The remaining candidates have different skill sets but a common goal – to get HISD back on track.
Blueford-Daniels, a retired postal manager, is a Wheatley graduate and said she decided to run because of her previous advocacy for children’s education.
“I believe that closing community schools is the main ingredient in a recipe to starve communities,” Blueford-Daniels said. “More importantly, I believe that inner-city children deserve the same academic start and finish lines as those in affluent communities.”
She also said she wants to work with companies and businesses to partner with schools and ensure that safe transportation is provided by HISD and METRO.
“My background in management includes bench-marking targets and working to achieve the targeted objectives,” Blueford-Daniels said. “We have to work in tandem to be a successful board and the success of the board is gauged by the success of the students.”
German, an accountant, is a Kashmere High School graduate and lifelong resident of the district.

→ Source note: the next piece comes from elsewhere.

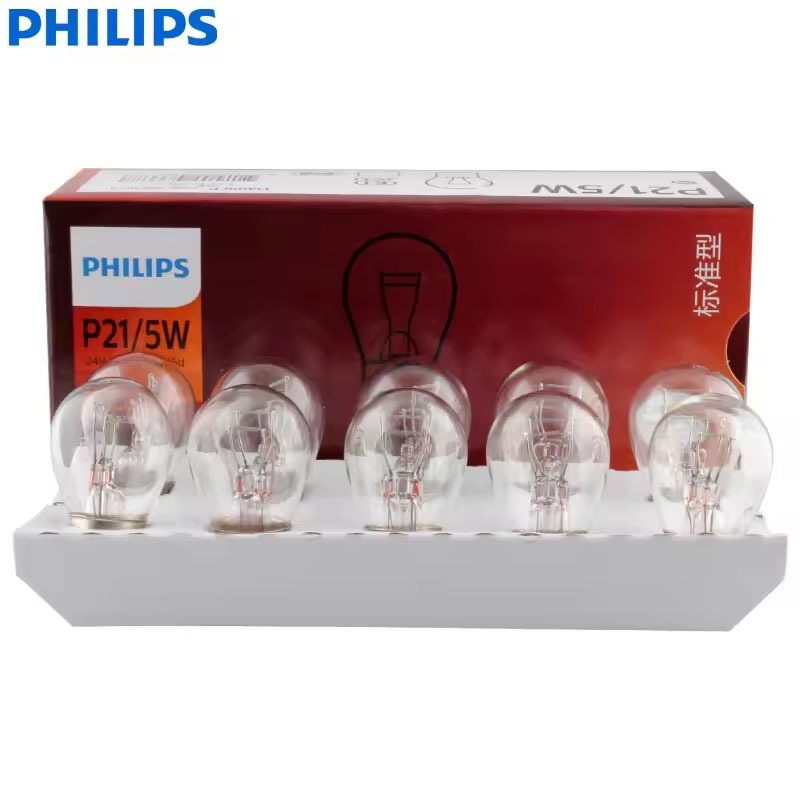Philips รถบรรทุก 24V มาตรฐาน P21/5W S25 21/5W 13499CP BAY15d ไฟเลี้ยวด้านหลังหลอดไฟหยุดแพ็ค 10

German said it is crucial to have good leadership on the board with a state takeover looming and that his business mindset would be an asset.
“I want people who come from a single-family home to know that they can go to college and do well,” German said.
He also said board governance, budget analysis and data review to improve student outcomes would be his strengths.
“I want to put more money back into the classroom,” German said.
Gibbs, the community outreach liaison and director of constituent services for Houston City Councilman Michael Kubosh, said that in his six years with the city he “solves problems every day.”
Gibbs has been the PTA president for an HISD elementary school and led the booster club at Washington, where he is also the president of its alumni association.
“(Over almost 30 years) I’ve worked with different superintendents, with the school board, this is not something new to me,” Gibbs said.
Moses is a Washington graduate who is also a math and technology teacher at Fleming Middle School in District II. Moses said his run is “all about the kids.”
Moses said he has seen how the students at his school, 95 percent of whom are classified as economically disadvantaged, sometimes get slighted. He said he wants to engage the community for solutions
“It shouldn’t be a one-size-fits-all (model for schools),” he said. “Schools are unique in terms of needs.”
Moses said his classroom experience will be an asset to the board, even if it is at least temporarily replaced.
“I personally do not believe that the state will (take over),” Moses said. “But if they do, I’ll still be able to have a voice with the board of managers and will hopefully be in that position.”
The Leader was unable to reach Short, listed as a pilot on her HISD application. Short told the Houston Chronicle she was undecided in her support for a state takeover.
Other districts that have had a board of managers installed include El Paso ISD, Beaumont ISD and Edgewood ISD in San Antonio.
A statement from the TEA media relations department explained that while a recommendation has been made to install a board of managers, the commissioner has not yet announced a final decision on that recommendation. Thus, the regularly scheduled board of trustee elections still take place.
“It should also be noted that even if a board of managers is installed in a district, board of trustee elections continue to take place during the term of the board of managers,” said the statement. “However, elected board of trustee members are not installed until the Commissioner starts the process to transition the board back to the elected trustees.”